Your objective — Beginning with the line in which "White St. Patrick's" appears, transcribe each line word for word until the records end. Do not include pictures.

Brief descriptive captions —

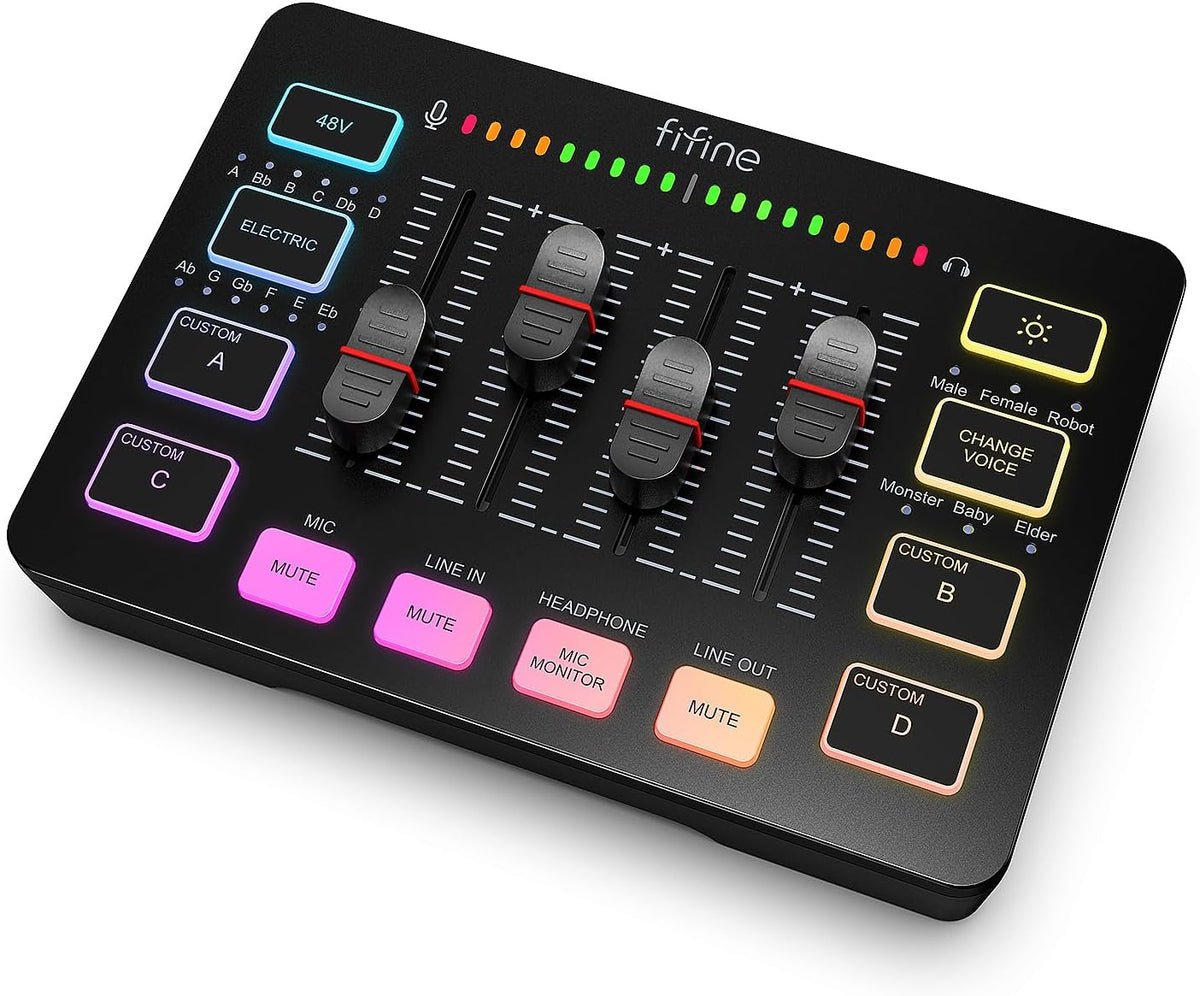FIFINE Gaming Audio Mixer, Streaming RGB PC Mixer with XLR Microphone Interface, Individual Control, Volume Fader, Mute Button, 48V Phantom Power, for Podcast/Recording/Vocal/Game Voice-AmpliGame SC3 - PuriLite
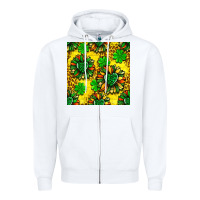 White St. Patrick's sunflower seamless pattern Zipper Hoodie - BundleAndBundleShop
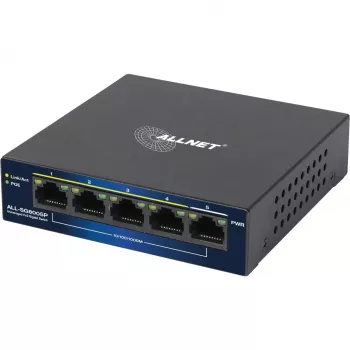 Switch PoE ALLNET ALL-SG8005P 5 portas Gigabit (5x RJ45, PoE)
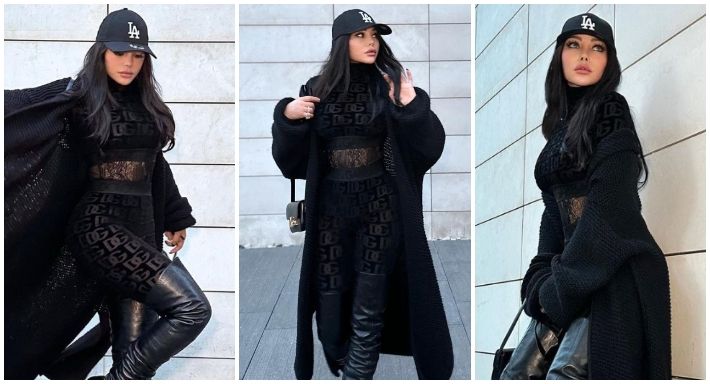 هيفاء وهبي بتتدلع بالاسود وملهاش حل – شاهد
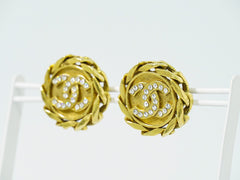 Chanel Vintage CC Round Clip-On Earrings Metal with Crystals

Written answer —
 White St. Patrick's sunflower seamless pattern Zipper Hoodie - BundleAndBundleShop
 Switch PoE ALLNET ALL-SG8005P 5 portas Gigabit (5x RJ45, PoE)
 هيفاء وهبي بتتدلع بالاسود وملهاش حل – شاهد
 Chanel Vintage CC Round Clip-On Earrings Metal with Crystals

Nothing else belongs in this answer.